* _Dataset content_:
────────────────────
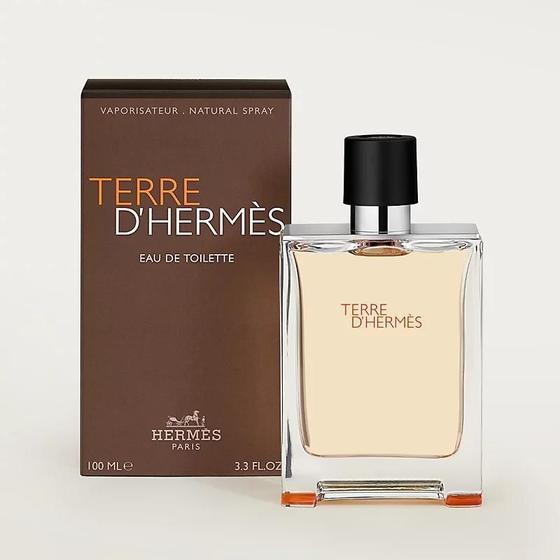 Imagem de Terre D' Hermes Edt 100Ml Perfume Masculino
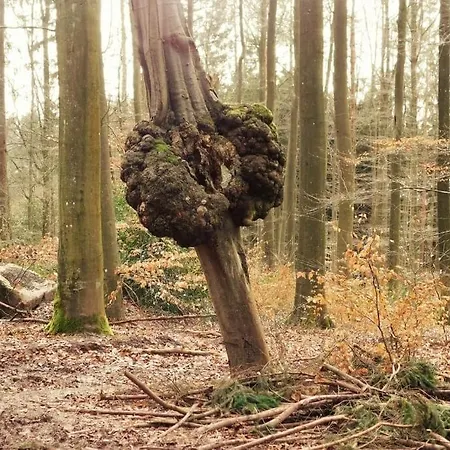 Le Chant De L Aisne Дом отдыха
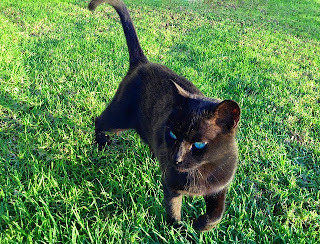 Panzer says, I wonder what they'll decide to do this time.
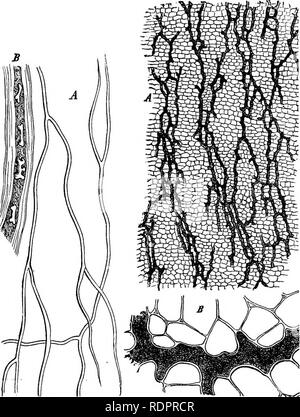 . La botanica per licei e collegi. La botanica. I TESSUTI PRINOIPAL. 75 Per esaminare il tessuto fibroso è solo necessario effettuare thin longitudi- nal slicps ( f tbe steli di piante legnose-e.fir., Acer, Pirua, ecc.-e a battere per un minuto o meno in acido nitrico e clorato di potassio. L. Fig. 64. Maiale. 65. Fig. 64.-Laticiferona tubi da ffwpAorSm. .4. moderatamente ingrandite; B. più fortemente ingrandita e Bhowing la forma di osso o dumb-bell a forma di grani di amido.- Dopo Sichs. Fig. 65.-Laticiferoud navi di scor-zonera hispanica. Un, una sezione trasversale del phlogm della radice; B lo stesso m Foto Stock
────────────────────
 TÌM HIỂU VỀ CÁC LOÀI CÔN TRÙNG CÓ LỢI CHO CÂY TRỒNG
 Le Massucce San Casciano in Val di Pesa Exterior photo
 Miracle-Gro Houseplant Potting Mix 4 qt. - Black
────────────────────
Write out word for word the lines above that run from the one with "Imagem de Terre" to the one with "m Foto Stock". Include both end lines; exclude the images.

* _Task response_:
 Imagem de Terre D' Hermes Edt 100Ml Perfume Masculino
 Le Chant De L Aisne Дом отдыха
 Panzer says, I wonder what they'll decide to do this time.
 . La botanica per licei e collegi. La botanica. I TESSUTI PRINOIPAL. 75 Per esaminare il tessuto fibroso è solo necessario effettuare thin longitudi- nal slicps ( f tbe steli di piante legnose-e.fir., Acer, Pirua, ecc.-e a battere per un minuto o meno in acido nitrico e clorato di potassio. L. Fig. 64. Maiale. 65. Fig. 64.-Laticiferona tubi da ffwpAorSm. .4. moderatamente ingrandite; B. più fortemente ingrandita e Bhowing la forma di osso o dumb-bell a forma di grani di amido.- Dopo Sichs. Fig. 65.-Laticiferoud navi di scor-zonera hispanica. Un, una sezione trasversale del phlogm della radice; B lo stesso m Foto Stock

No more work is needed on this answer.